Start of EXERCISE MATERIALS
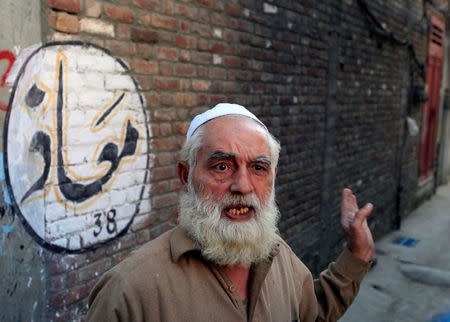 Barkat Ali, 66, speaks to Reuters correspondent near a school that Nobel Peace Prize laureate Malala Yousafzai used to attend, in her hometown of Mingora in Swat Valley, Pakistan March 30, 2018. REUTERS/Faisal Mahmood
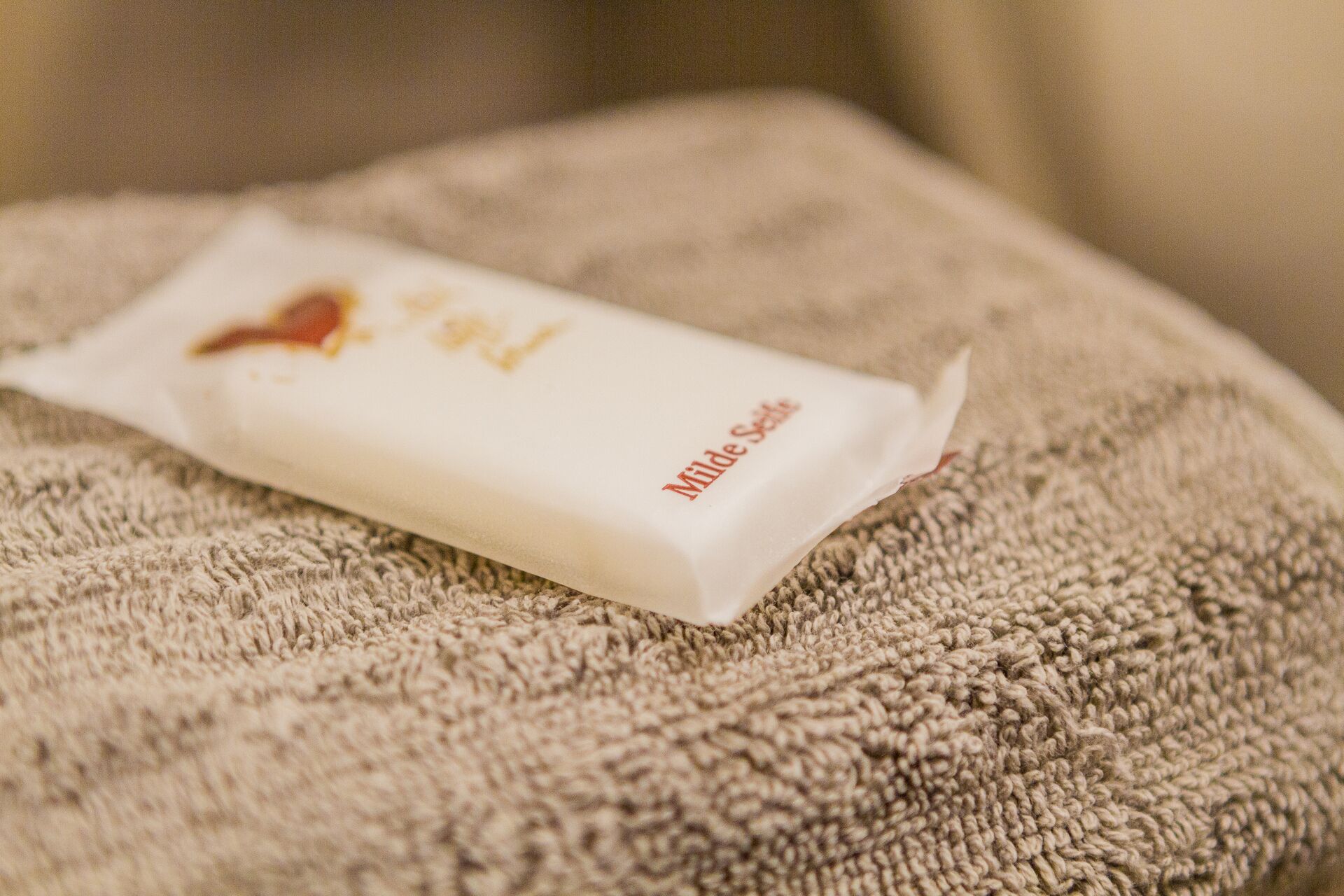 Un pain de savon blanc avec l’inscription « Milde Seife » sur une surface beige texturée.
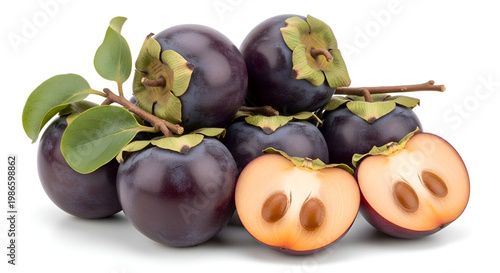 Fresh Plums with Green Leaves Isolated.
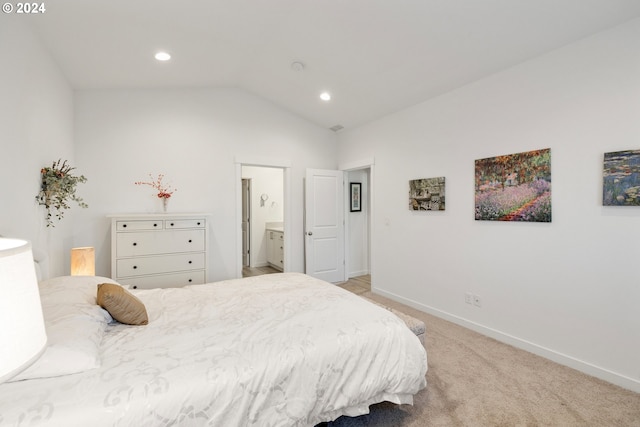 bedroom with lofted ceiling, light colored carpet, and ensuite bath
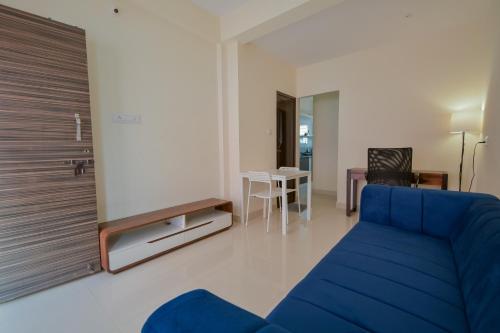 Χώρος καθιστικού στο HomeSlice Sarjapur - 1BHK Serviced Apartment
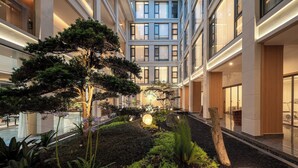 A modern building with a central courtyard featuring a large tree, various plants, and a well-lit walkway. - Z HOTEL - Qingchengshan (Chengdu)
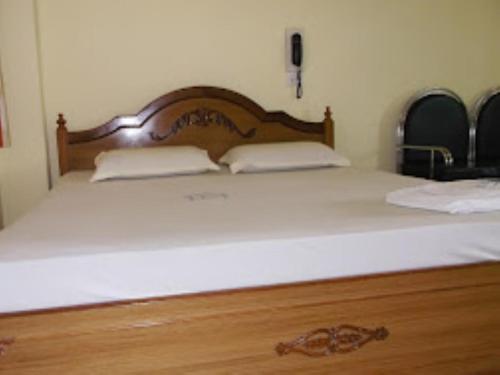 a large white bed with two pillows on it at Hotel Chancellor,Bhubaneswar in Bhubaneshwar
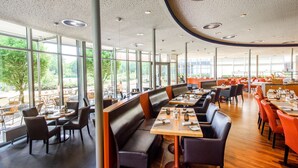 Un restaurante espacioso con techos altos, ventanas amplias y diversas opciones de asientos, incluyendo cabinas y mesas.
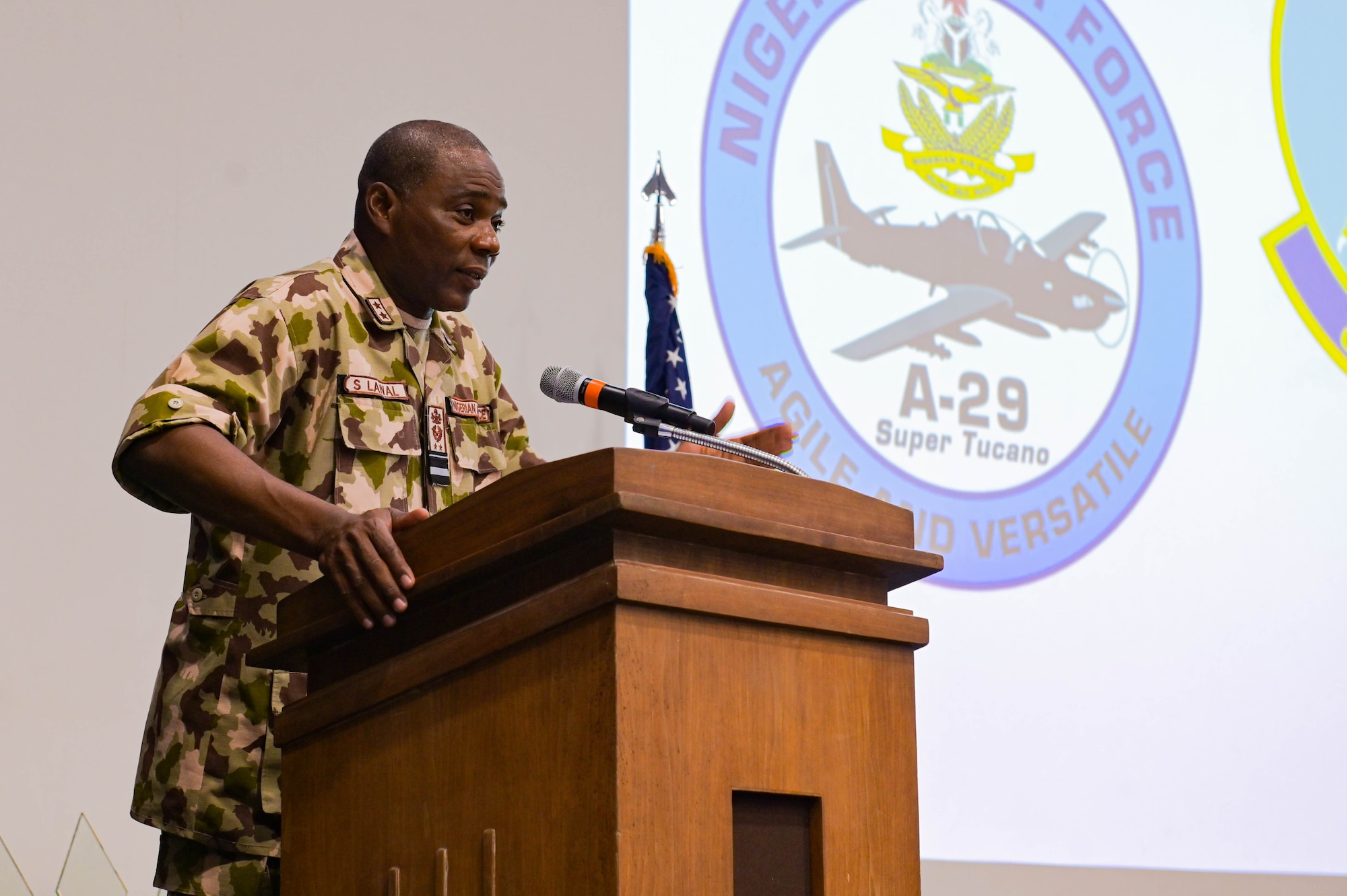 Nigerian Air Force Air Vice Marshal Sule Lawal, Nigerian A-29 program lead foreign liaison officer, gives a speech during the NAF A-29 pilot graduation ceremony at Moody Air Force Base, Georgia, Sept. 2, 2021. Each pilot has accomplished more than 70 hours of formal academics, 65 hours of simulators, and between 50-100 hours of flying, depending on their specific track. (U.S. Air Force photo by Senior Airman Rebeckah Medeiros)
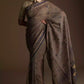 A zoomed out view of women wearing a Dark Beige & Black Woven Linen Cotton Saree, formal dress for women
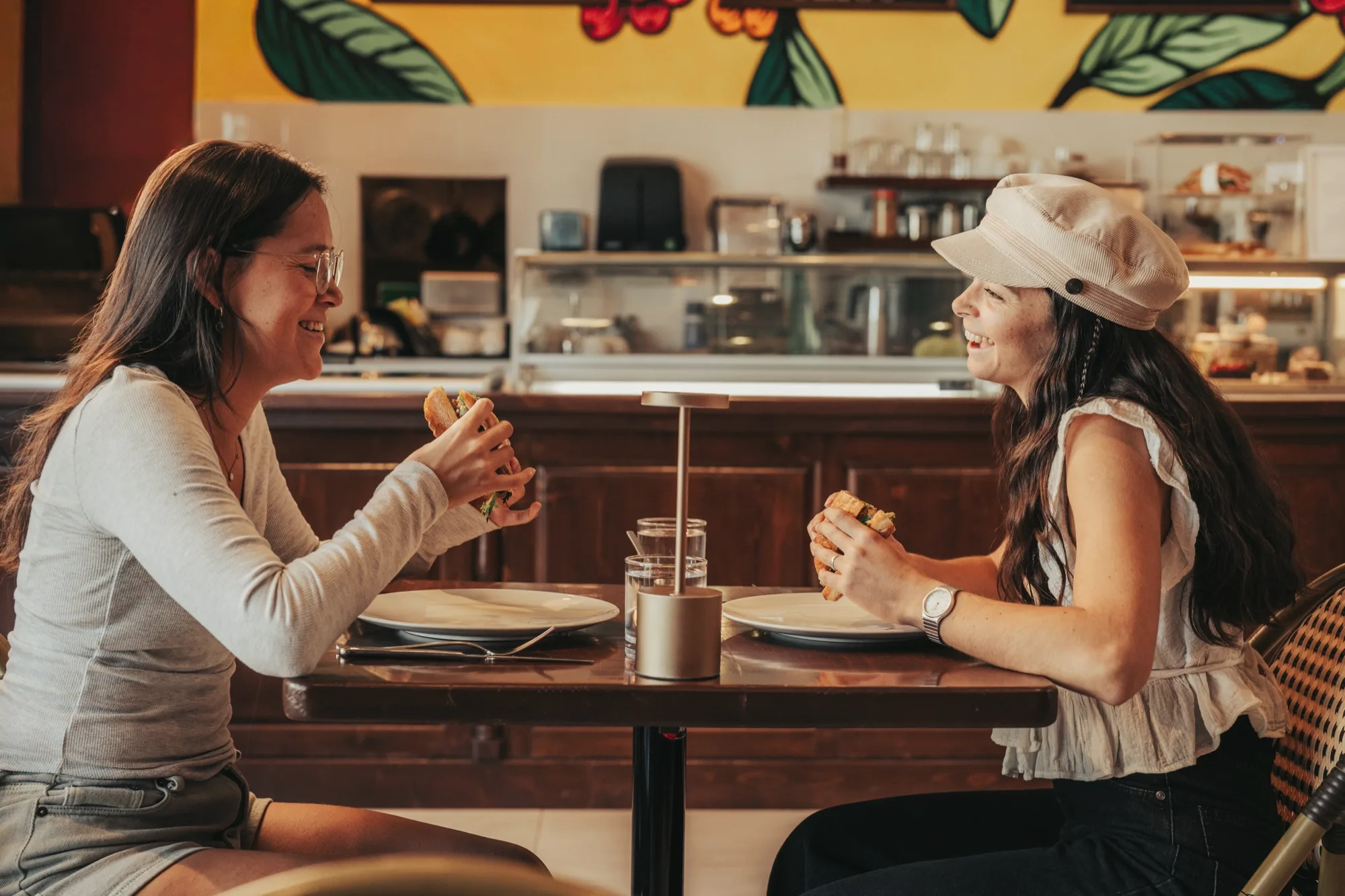 Two women laughing over sandwiches at a café table, a colourful mural and a pastry counter behind them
End of EXERCISE MATERIALS
The reply should hold only the lines running from the top of the records to the line containing "Χώρος καθιστικού στο", both included, copied exactly with no pictures.

 Barkat Ali, 66, speaks to Reuters correspondent near a school that Nobel Peace Prize laureate Malala Yousafzai used to attend, in her hometown of Mingora in Swat Valley, Pakistan March 30, 2018. REUTERS/Faisal Mahmood
 Un pain de savon blanc avec l’inscription « Milde Seife » sur une surface beige texturée.
 Fresh Plums with Green Leaves Isolated.
 bedroom with lofted ceiling, light colored carpet, and ensuite bath
 Χώρος καθιστικού στο HomeSlice Sarjapur - 1BHK Serviced Apartment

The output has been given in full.